Он подмигнул Ангеле Красоте.
— Или ты искала где-то еще? Одна легенда гласит, что после смерти всего человеческого рода големы ушли в море…? — Вопросительный знак повис в воздухе, как рыболовный крючок.
— Какая интересная история, — сказала Ангела Красота с непроницаемым видом.
Флид улыбнулся:
— Я разберусь в том, что здесь написано. Ты же придешь навестить меня завтра? .
Мокристу не понравилось то, что он услышал, что бы это ни было. Не спасало и то, что Ангела Красота улыбнулась в ответ.
Флид добавил:
– .
— А у тебя, господин? — со смехом спросила Ангела Красота.
— Нет, но у меня отличная память!
Мокрист нахмурился. Ему гораздо больше нравилось, когда она была холодна со старым хрычом.

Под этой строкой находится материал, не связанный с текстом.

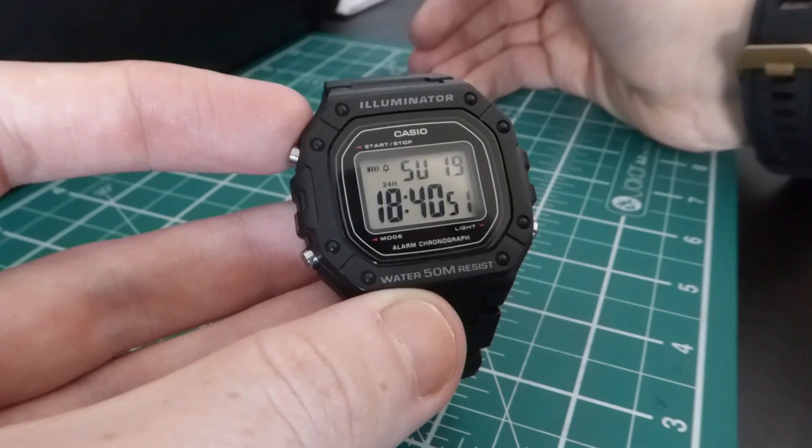So guys, that's my review on the Casio W218H. I know it's not what everyone's into, but I just can't criticize it — it's an absolute bargain of a watch, and that's why I think it's the new king of the Casios. I want to do more Casio videos, so drop me a comment telling me which ones you want to see. If you've got to this point, please do subscribe to the channel — I'm bringing out more content pretty much every other day. Thank you for watching, I'll see you next time.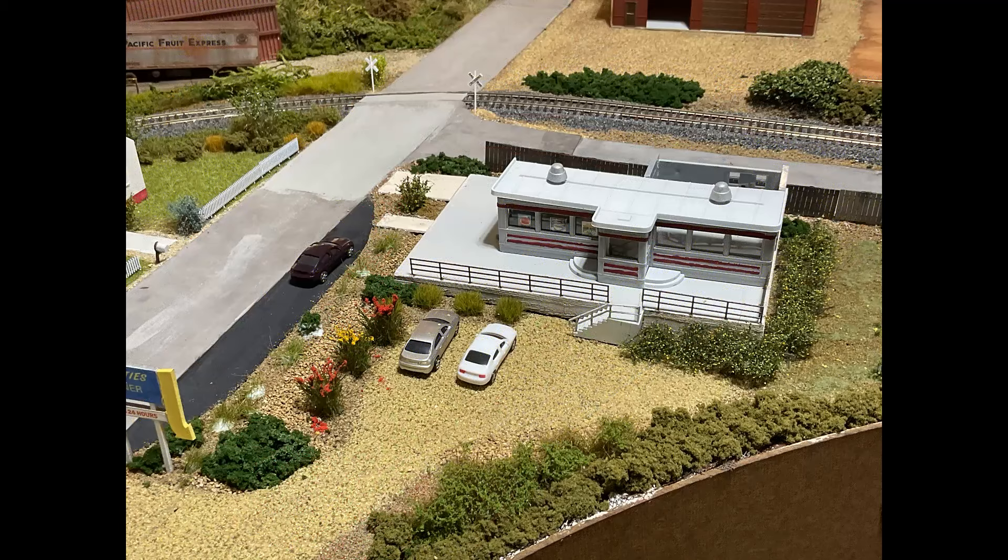I started adding some signage in the windows of the diner — you can't see it real clearly from this picture, but one's a hamburger, one's a cup of coffee, and one is waffles. On the roof, which is not glued on because I'm still debating on interior and lighting, I added two vents. Those are from a Walthers roofing kit — it came with some vents but I didn't like those, so I put my own in.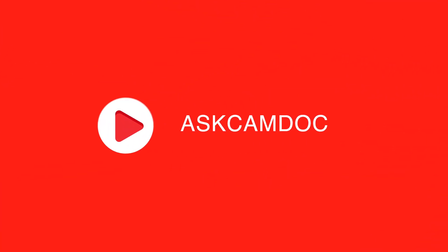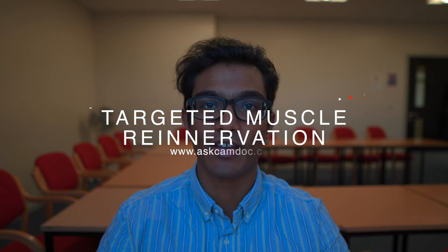Hey guys, welcome back to ASCAM Doc. My name's Shane and I'm a final year medical student and neuroscience supervisor at the University of Cambridge, and today I'm going to talk a little bit about targeted muscle reinnervation.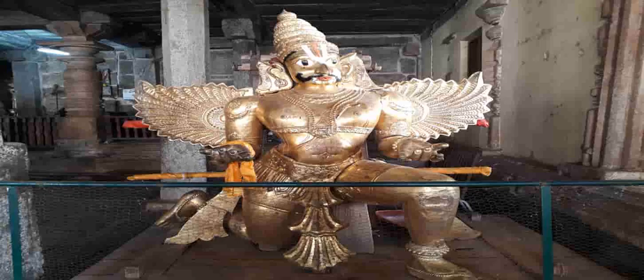You can see many subsidiary shrines along the way. The first ones you will see are those of goddess Lakshmi and Narasimha Swami. These shrines are placed side by side and are generally beautifully adorned with flowers to your right side.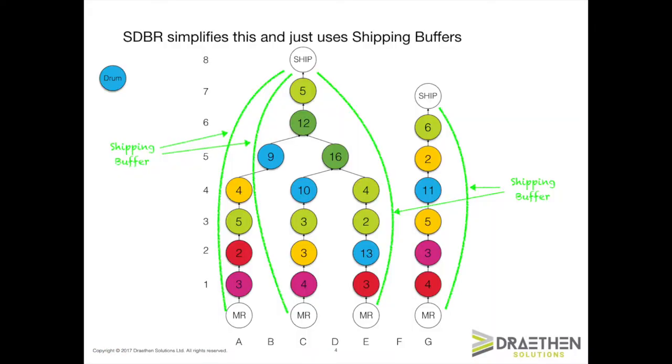We're going to cover a lot of ground in part one. In particular, I'm going to tell you about the four simplifying assumptions that are made in order to turn drum buffer rope into simplified drum buffer rope. It makes the situation and the implementation a lot easier, believe me. On the slide there, you can see just one of those, and that's around the shipping buffers. I'll explain a lot more as we go forward.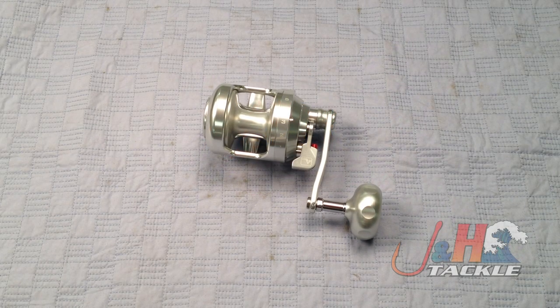Hey, it's Josh over at JNH. Today we're taking a look at the Alutechnos Albacore Gorilla 8V conventional jigging reel.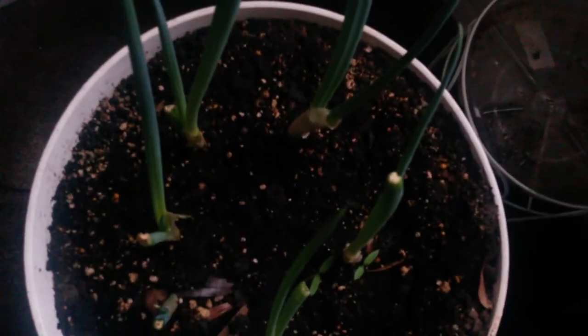You can tell this onion right here is really not well — it may or may not make it. This is the one that the tomato plants have been attacking. But he's hanging in there, and as you can see they are looking good — see how well they've grown so fast. I'm so proud of my work.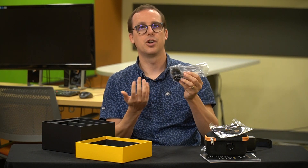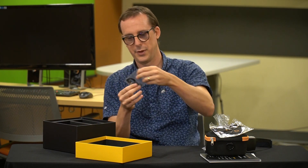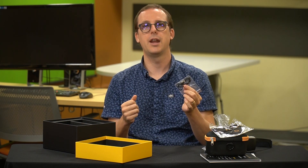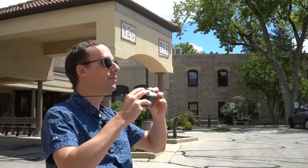Next, we have some charging apparatus for if you go to other countries, which hopefully you will get to enjoy. And finally, we have a lanyard. This is actually kind of important for the Onix because it will allow us to hang it around our neck as we're walking, and then we can use it almost as a pair of electronic binoculars — we'll be taking a look at that in just a little bit.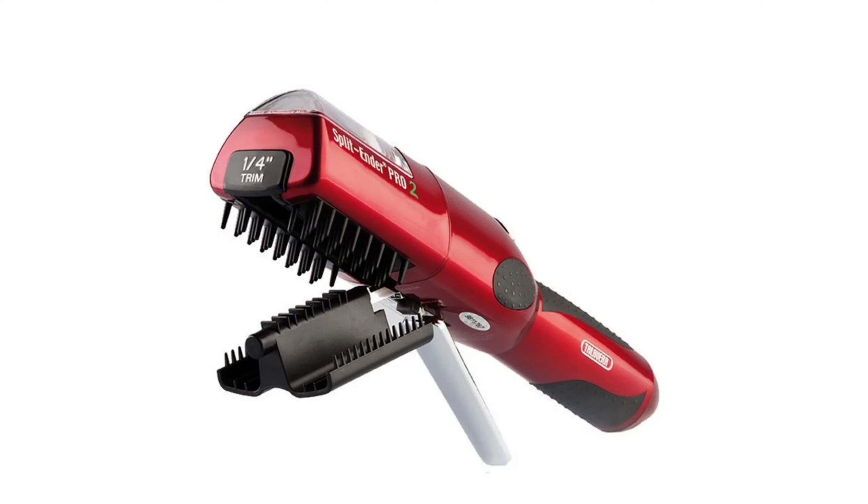Hi guys, welcome back and for the ones that don't know me, hi my name is April and today I'm going to be reviewing the Split Ender Pro 2.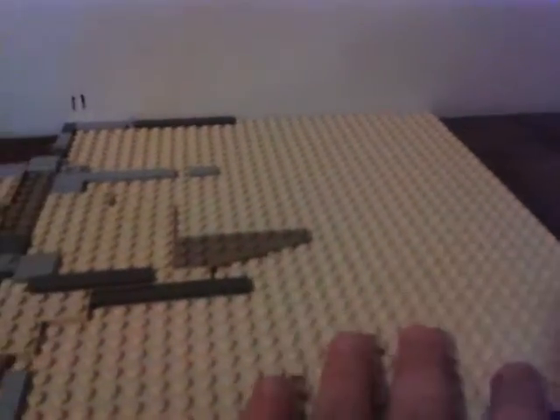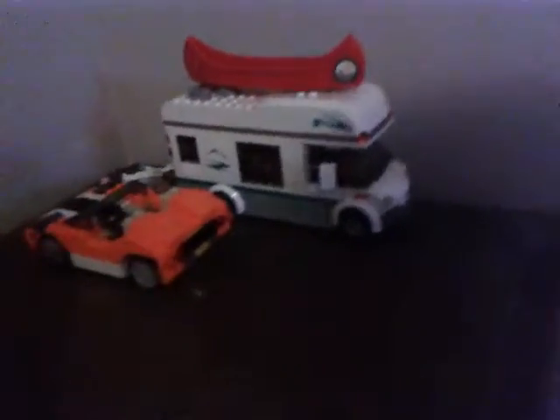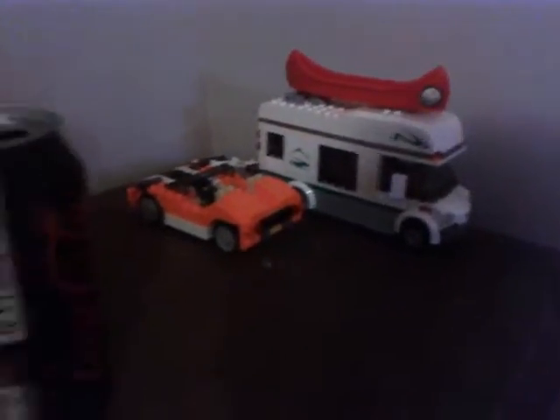Hey guys, what's up? Ethan here with another review. This is a start to a beach area — just a little beach area with a big template here. I did build some little parking spaces here for stuff that's going in soon, probably in the next review on this. We've got some rock cliff parts here too.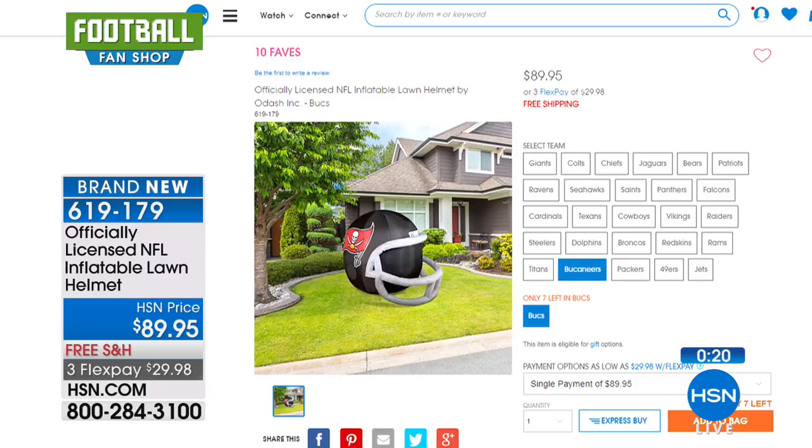It's $89.95 and it's free shipping and handling. Go to hsn.com to see if we have your team. The website will be accurate up to the minute of what we have left, because quantities are extremely limited — some only six to eight remaining.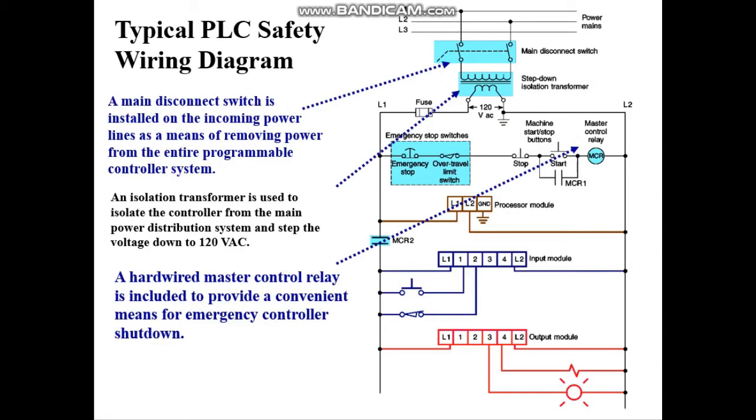In a typical PLC safety diagram, there are a few things to consider. The main thing is it must have a main disconnect switch, which is basically installed in the power mains, so you can take the power out of the program straight away. You also typically have a step-down isolation transformer, which is used to isolate the controller from the main power distribution and step the voltage down.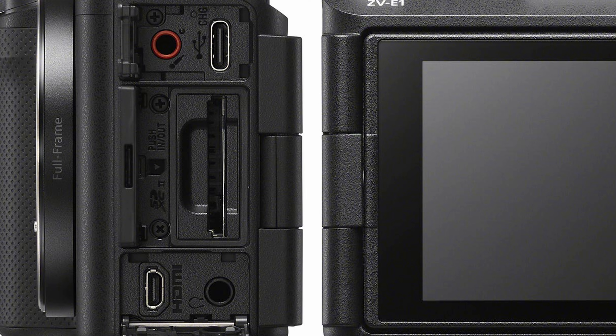Both of the higher-end cameras have raw video output, which a lot of people would use for running it to an external monitor or recorder. One thing I'm not a fan of with the ZV line — I love my ZV-E10, but the micro HDMI is terrible. I hate that connector because it's so brittle. Why couldn't they just put a full-size HDMI there? It would help significantly.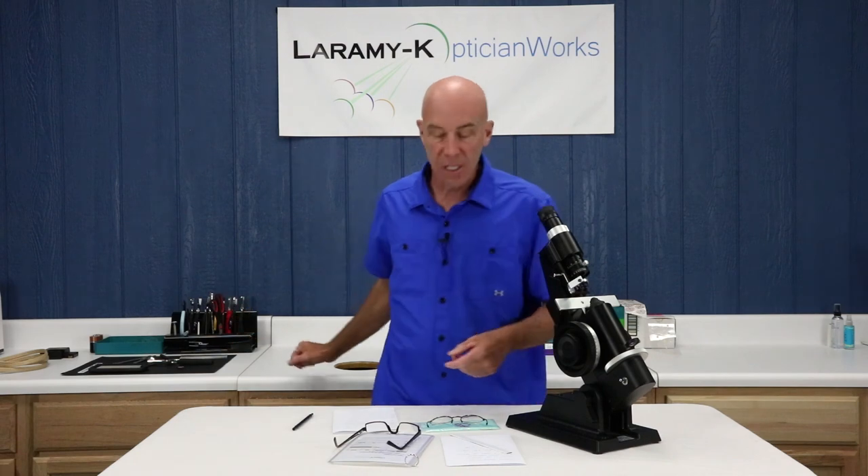That kind of wraps up our introduction to learn how to use the lens meter. Thank you for watching these. If you like this stuff, by all means be sure to check us out on the YouTube channel, and of course there's always the OpticianWorks website and me an email away. I will see you next week with something new and perhaps even a little bit more exciting. Thanks.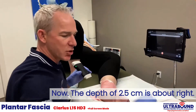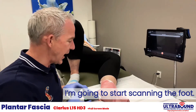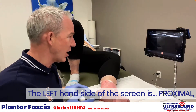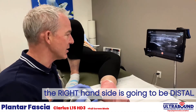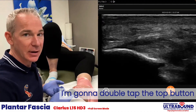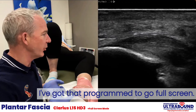I'll select the plantar setting. The depth of 2.5 centimeters is about right. I'm going to start scanning the foot. The left hand side of the screen is going to be proximal, the right hand side is going to be distal. I'll double tap the top button — I've got that programmed to go full screen.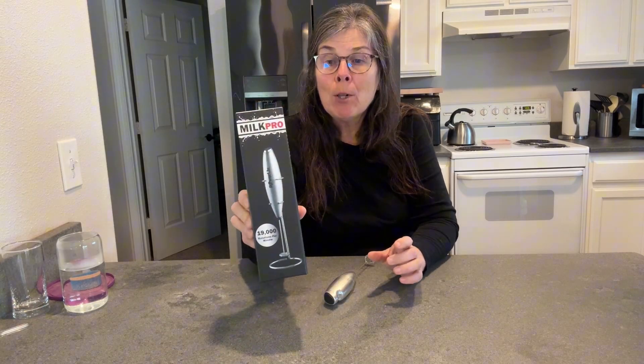Hi, it's Lori here, and I want to show you the Milk Pro by Powerlix.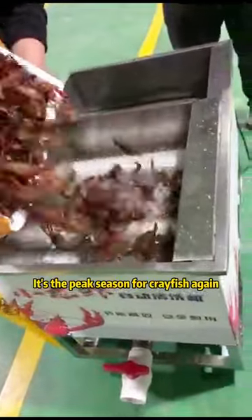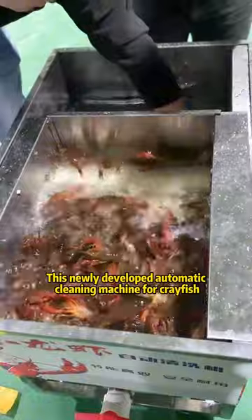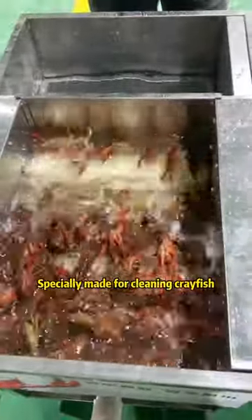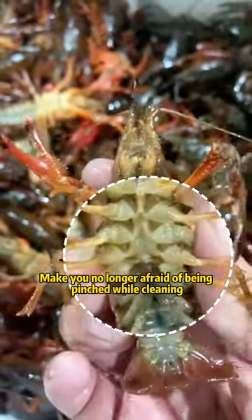It's the peak season for Crazies again! Are everyone still fully washing lobsters by hand? This newly developed automatic cleaning machine for Crazies, specially made for cleaning Crazies, makes you no longer afraid of being pinched while cleaning.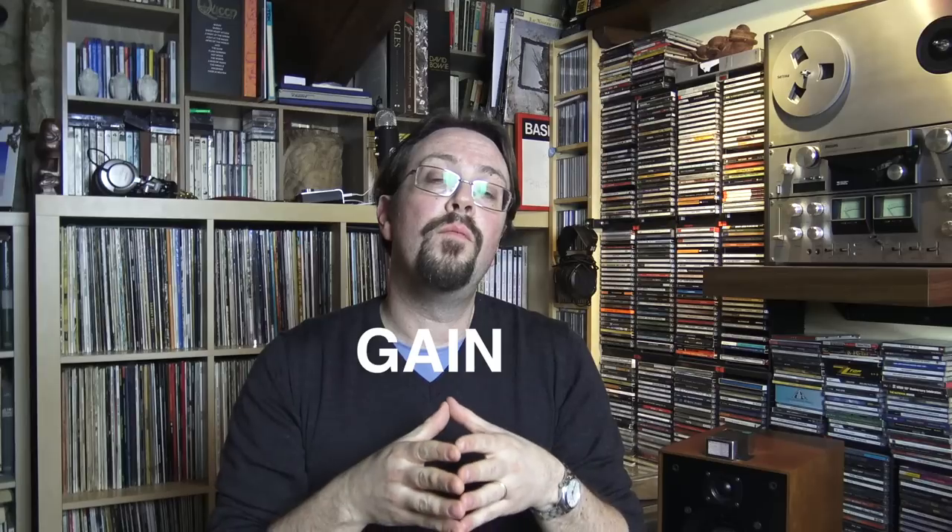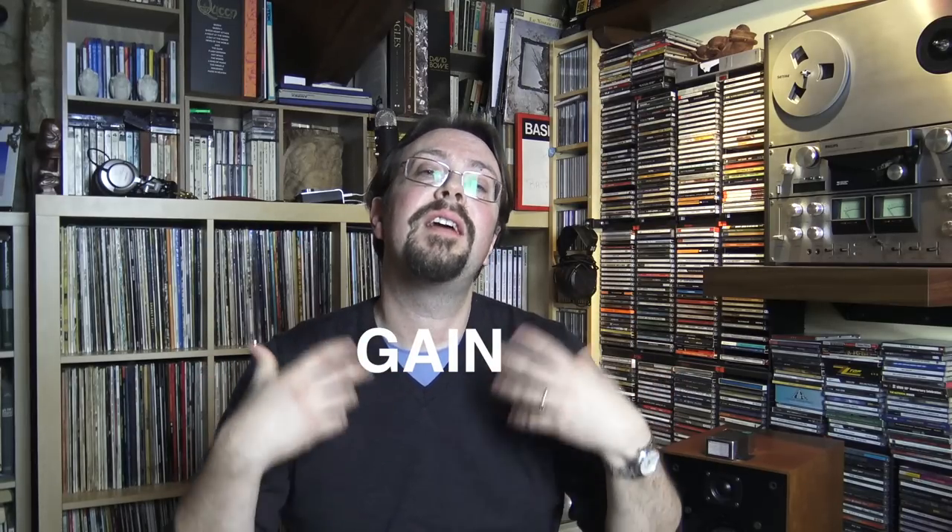This leads us to our second point: the pre-amplifier. Before you buy your cartridge — or conversely, before you buy your preamp — make sure you have the correct typology match. If you have a moving magnet cartridge, you need a preamp capable of dealing with that typology. Most preamps today can handle both. The main difference is the gain — the capacity to amplify the very weak signal that cartridges deliver to the preamp. That's actually a big difference between the two typologies.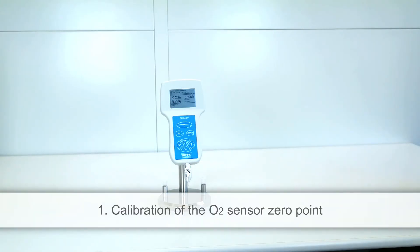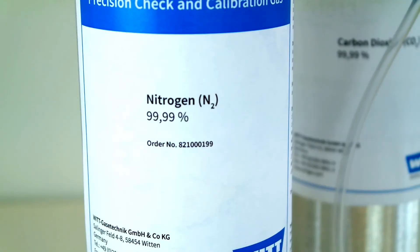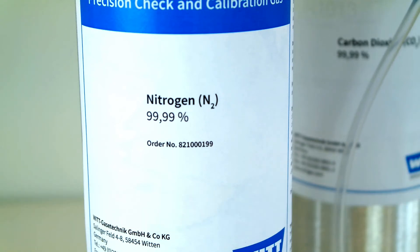When calibrating the zero point of the O2 sensor, use a suitable gas cylinder with a pressure reducing regulator. The choice of gas to be used depends on your application and the carrier gas you use. For the calibration of zero points we recommend commercial nitrogen or argon.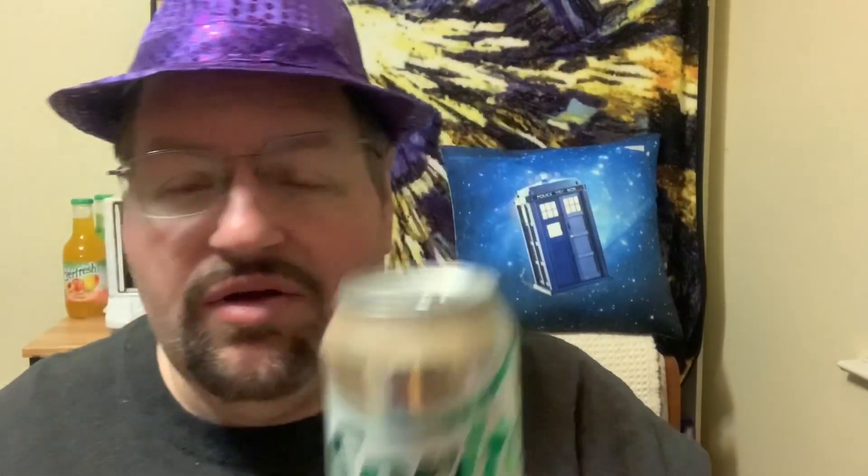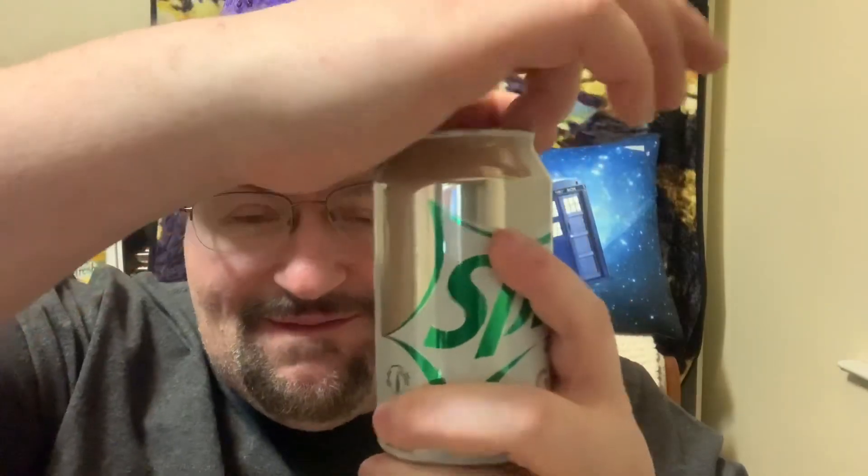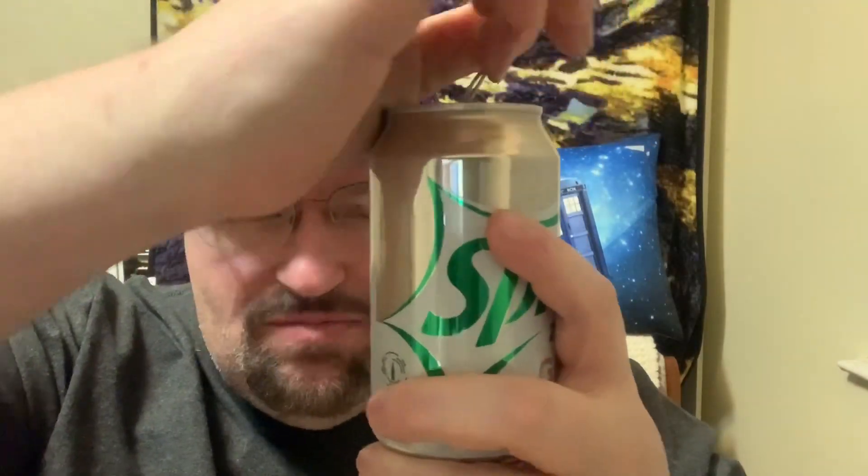I've got a frosted glass here, nice and frosty with a bunch of ice in it — for the ASMR fans, here we go. Ginger Sprite Zero — nice crack on that one. Here we go.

— Мы уже можем идти? — спросил он.
Стажер на испытательном сроке, младший клерк Хаммерсмит Кут смотрел, как госпожа Драпс подходила все ближе, и это настораживало юношу не так сильно, как его старших коллег. Те понимали: это оттого, что бедный мальчик пробыл здесь слишком недолго и не сознавал степень серьезности того, что вот-вот должно было произойти.
Старший клерк демонстративно положила перед ним документ. Итог был обведен еще не просохшими зелеными чернилами.
— Господин Бент, — сказала она с оттенком удовольствия, — велел переделать как положено.
И поскольку Хаммерсмит был хорошо воспитанным юношей и работал в банке всего лишь первую неделю, он ответил: «Да, госпожа Драпс», аккуратно взял листок и приступил к работе.